Walking on My Own With My Master

Only at a few times in my life have I had a spiritual leader. And each time they were available only for a season. I lament this, citing it as one of the most difficult aspects of my spiritual life.

Perhaps in some way this is part of my difficulty with "personality" ministries; the source of my prejudice. I don't trust leaders easily. This also makes it hard to find spiritual leader. They're there, my prejudice just makes finding them harder for me.

So with spiritual leadership, I need to learn another level of submission. Submission to spiritual leaders is submission to my Master, the One who placed them in the position. To not submit to them is to rebel against the choice of my Master.

The other obvious aspect for me is jealousy. I want my Master to choose me to lead. He won't, not yet anyway. I want it, and therefore for wrong reasons. One day I will accept it as part of my desire for my Master. Until then I will serve in lesser capacities.

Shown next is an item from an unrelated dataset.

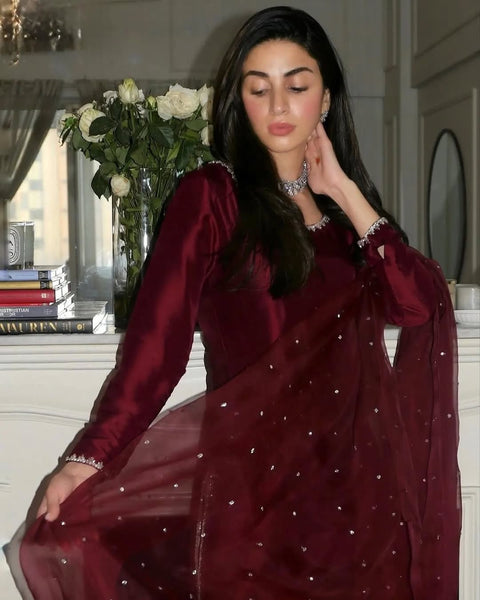 Floral Embroidered Thread Work A-line Kurti With Salwar&Dupatta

I have considered the possibility that I already walk alone with my Master, and that is how He wants it. The problem with this is that as I learn more of submission to my Master, I see that it includes submission to spiritual leaders; to learn instead of teaching. Teaching is still too much me, and not enough of my Master. I have a bit more to learn first.

I am learning. Even as I write this I see this entry as my essay answer on my Masters exam. I am slowly getting His point. As I do, He speaks through others, I gain a fuller insight to His Scripture, and I see that I don't walk this life alone, but with friends and guides.

So today I will see what my Master has for me through someone I meet, and I will submit to the pastor He places me under. I will submit and not see myself as his equal. Pardon me as I change my paradigm. I'll be back in a bit.

Oswald Chambers' "My Utmost For His Highest": August 11th.